- Born: Ludmila Zemanová 23 April 1947 (age 78) Zlín, Czechoslovakia
- Education: Střední uměleckoprůmyslová škola, Uherské Hradiště
- Occupations: Artist, animator
- Known for: Children's books and animated films
- Spouse: Eugen Spálený
- Children: Linda Zeman-Spaleny; Malvina Spaleny;
- Parent: Karel Zeman
- Awards: 1995 Governor General's Award for Children's Illustration
- Website: ludmilazeman.com

= Ludmila Zeman =

Czech-Canadian artist, animator and creator of children's books

Ludmila Zeman (born 23 April 1947) is a Czech-Canadian artist, animator and creator of children's books. She is the daughter of filmmaker Karel Zeman.

==Life and career==
Zeman was born in the city of Zlín, Czechoslovakia (renamed Gottwaldov in 1949–1989). She graduated from the college of art (Střední uměleckoprůmyslová škola) in Uherské Hradiště. She worked as her father's assistant for his final films, and married Eugen Spálený, the chief animator at his studio. They had two children, Linda and Malvinia. She launched a career in story books and animation for children.

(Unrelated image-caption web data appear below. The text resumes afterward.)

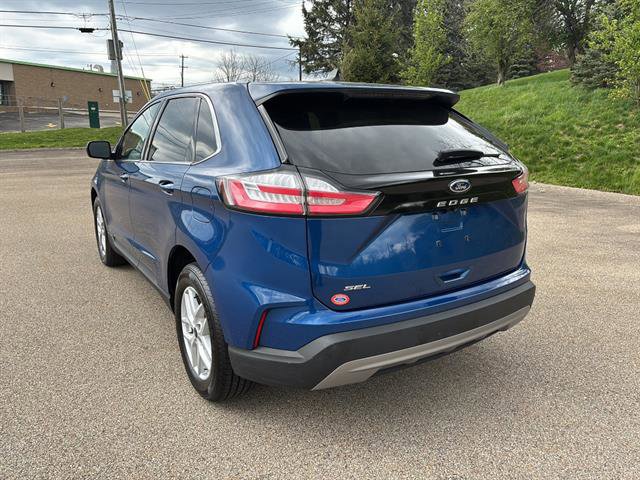 Certified 2021 Ford Edge SEL FWD image 3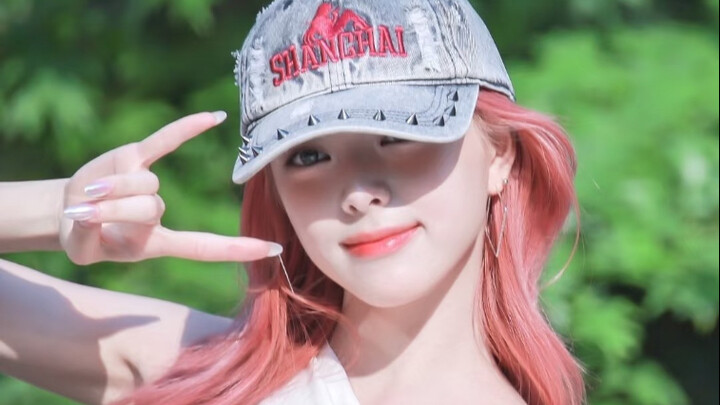 المؤثرات الإناث اللواتي لا يرقصن كراقصات رئيسيات لكنهن راقصات مميزات وبارعات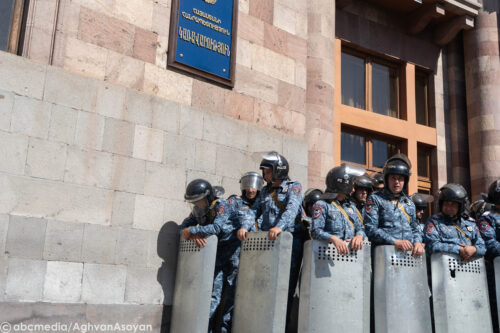 Ձեզ հանդարտ պահե՛ք. Բագրատ Սրբազանը՝ ոստիկաններին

In 1983, Zeman and her husband were invited to teach film technique at Emily Carr University of Art and Design in Vancouver. When the couple attempted to emigrate, the Czechoslovak communist government refused them permission, accusing them of pro-Western leanings. Zeman was told to leave the animation studio, and Spálený was drafted into menial construction work. In the summer of 1984, the family escaped through Yugoslavia to a refugee camp in Austria, finally arriving in Canada to accept the teaching posts.

The Cedar Tree of Life, a thirty-second animated segment the couple produced for the Canadian edition of Sesame Street, attracted the attention of the National Film Board of Canada, which invited the couple to make a short film on a topic of their choice. Zeman's production was Lord of the Sky, based on myths of the Canadian north Pacific First Nations and produced using paper cutouts. The film was a success, winning eleven international awards, including a blue ribbon at the American Film Festival in 1993; it was shown at the Sundance Film Festival the following year and was shortlisted for an Academy Award nomination.

Following Lord of the Sky, Zeman and Spálený planned a feature-length animated film based on the Epic of Gilgamesh. Karel Zeman had introduced the epic, which was among his favorite books, to Ludmila when she was eleven. The concept was eventually developed into a trilogy of children's books written and illustrated by Zeman: Gilgamesh the King (1991), The Revenge of Ishtar (1993), and The Last Quest of Gilgamesh (1995). The final book in the trilogy won the 1995 Governor General's Award for Children's Illustration. The Embassy of Canada in Japan presented an exhibition of Ludmila Zeman's work in Tokyo in 2011.